• PROBLEM REQUIREMENTS: Would you output the lines from the one with "这两位姐姐是我的快乐源泉今年的浪姐我当小品看又养眼又开心🥳李小冉拉王濛起来被甩" through the last line of the material below, exactly, but without pictures?

##### MATERIAL FOR THE TASK

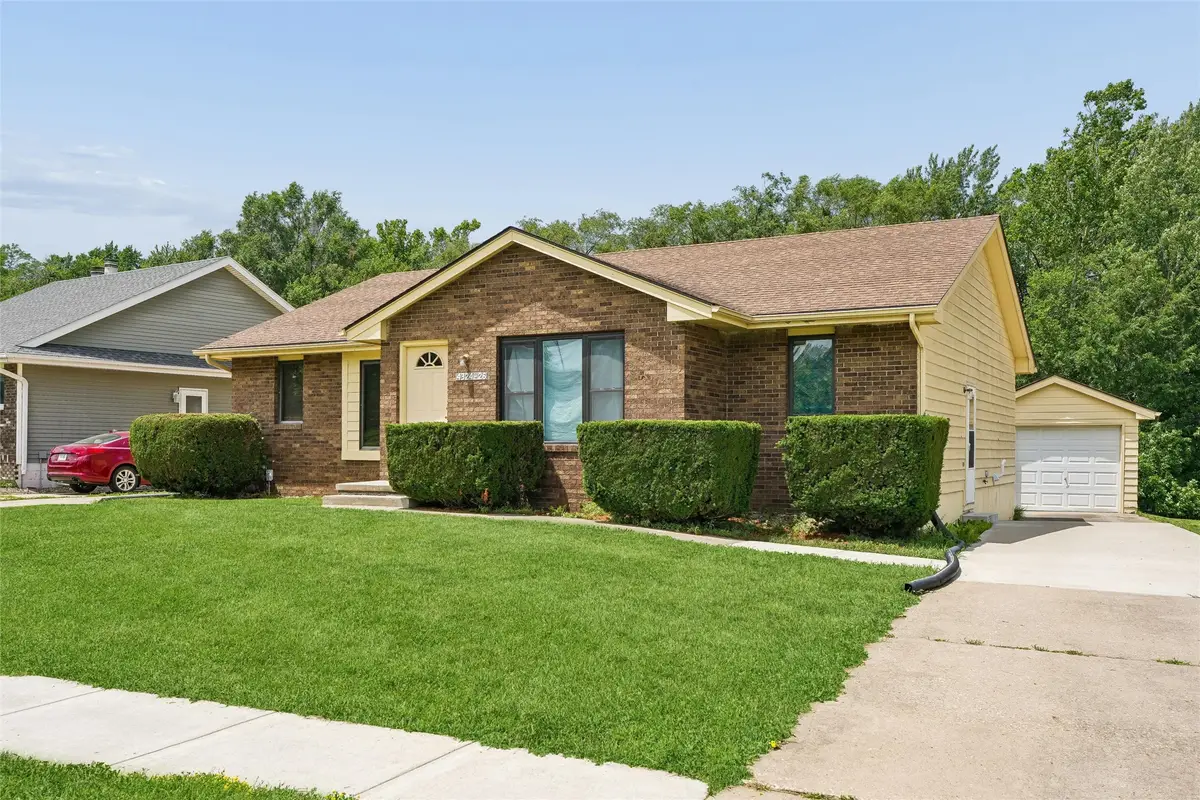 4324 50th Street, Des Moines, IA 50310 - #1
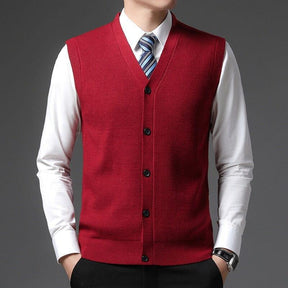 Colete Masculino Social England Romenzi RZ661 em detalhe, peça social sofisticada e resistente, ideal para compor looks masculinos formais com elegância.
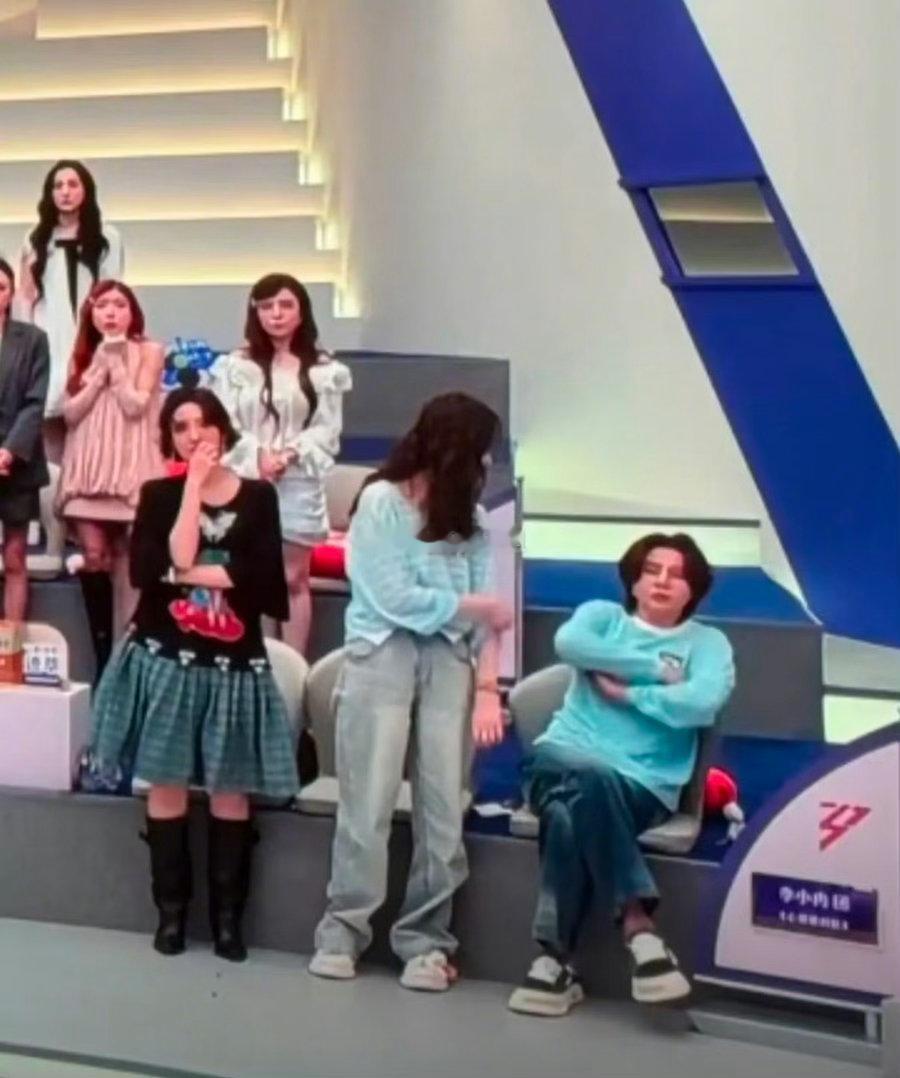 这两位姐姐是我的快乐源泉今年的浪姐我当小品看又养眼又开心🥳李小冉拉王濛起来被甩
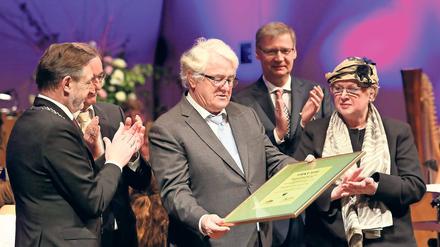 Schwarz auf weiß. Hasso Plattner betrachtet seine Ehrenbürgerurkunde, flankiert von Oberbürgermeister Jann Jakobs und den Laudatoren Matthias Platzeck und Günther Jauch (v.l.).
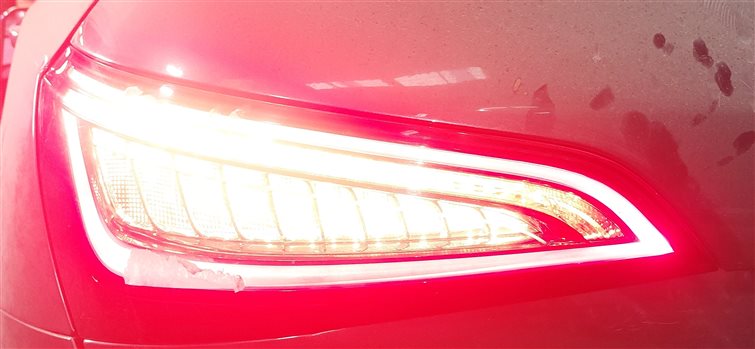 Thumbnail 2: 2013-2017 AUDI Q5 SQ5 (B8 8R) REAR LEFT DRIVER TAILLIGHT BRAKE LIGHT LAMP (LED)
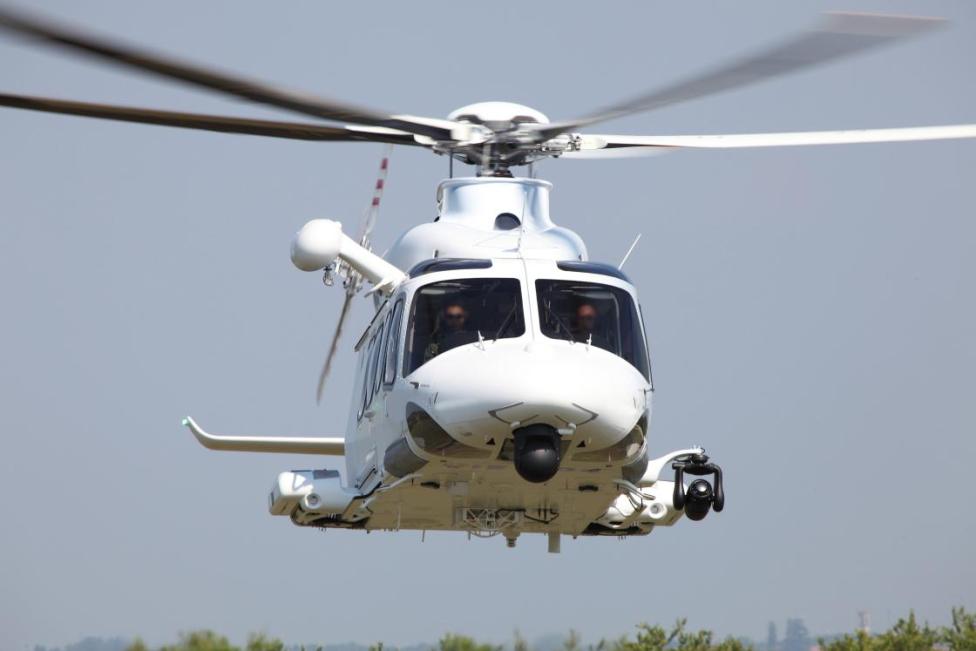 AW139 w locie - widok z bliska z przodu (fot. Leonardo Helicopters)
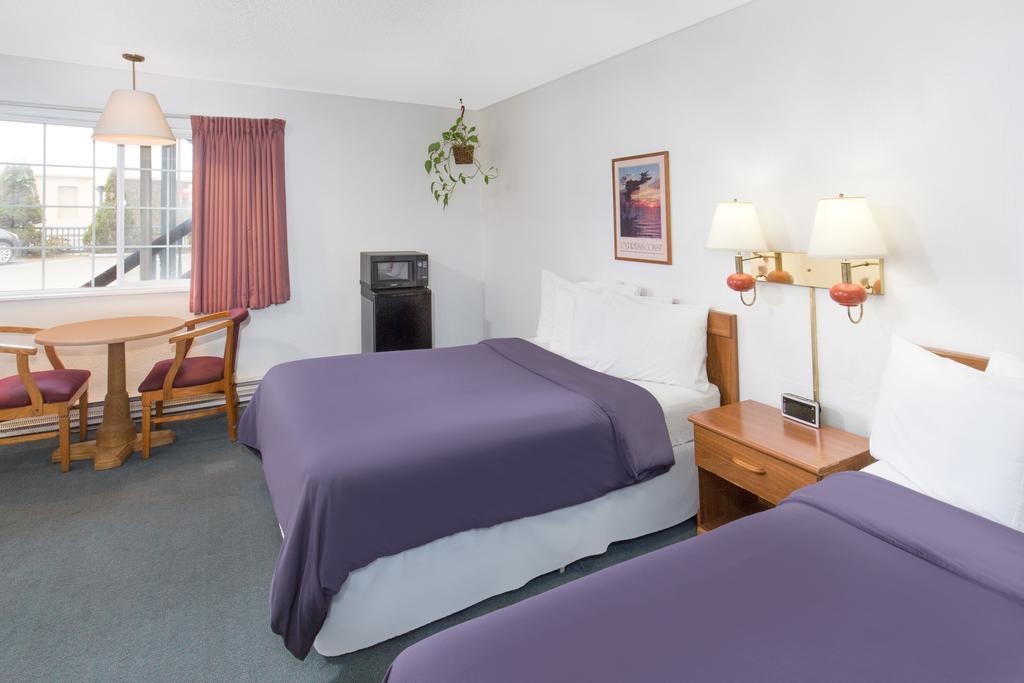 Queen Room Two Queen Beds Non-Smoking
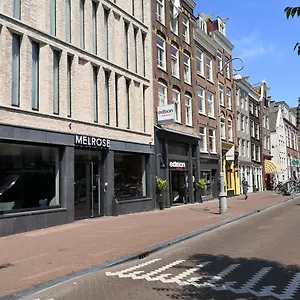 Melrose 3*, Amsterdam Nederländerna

##########

• COMPLETED TASK:
 这两位姐姐是我的快乐源泉今年的浪姐我当小品看又养眼又开心🥳李小冉拉王濛起来被甩
 Schwarz auf weiß. Hasso Plattner betrachtet seine Ehrenbürgerurkunde, flankiert von Oberbürgermeister Jann Jakobs und den Laudatoren Matthias Platzeck und Günther Jauch (v.l.).
 Thumbnail 2: 2013-2017 AUDI Q5 SQ5 (B8 8R) REAR LEFT DRIVER TAILLIGHT BRAKE LIGHT LAMP (LED)
 AW139 w locie - widok z bliska z przodu (fot. Leonardo Helicopters)
 Queen Room Two Queen Beds Non-Smoking
 Melrose 3*, Amsterdam Nederländerna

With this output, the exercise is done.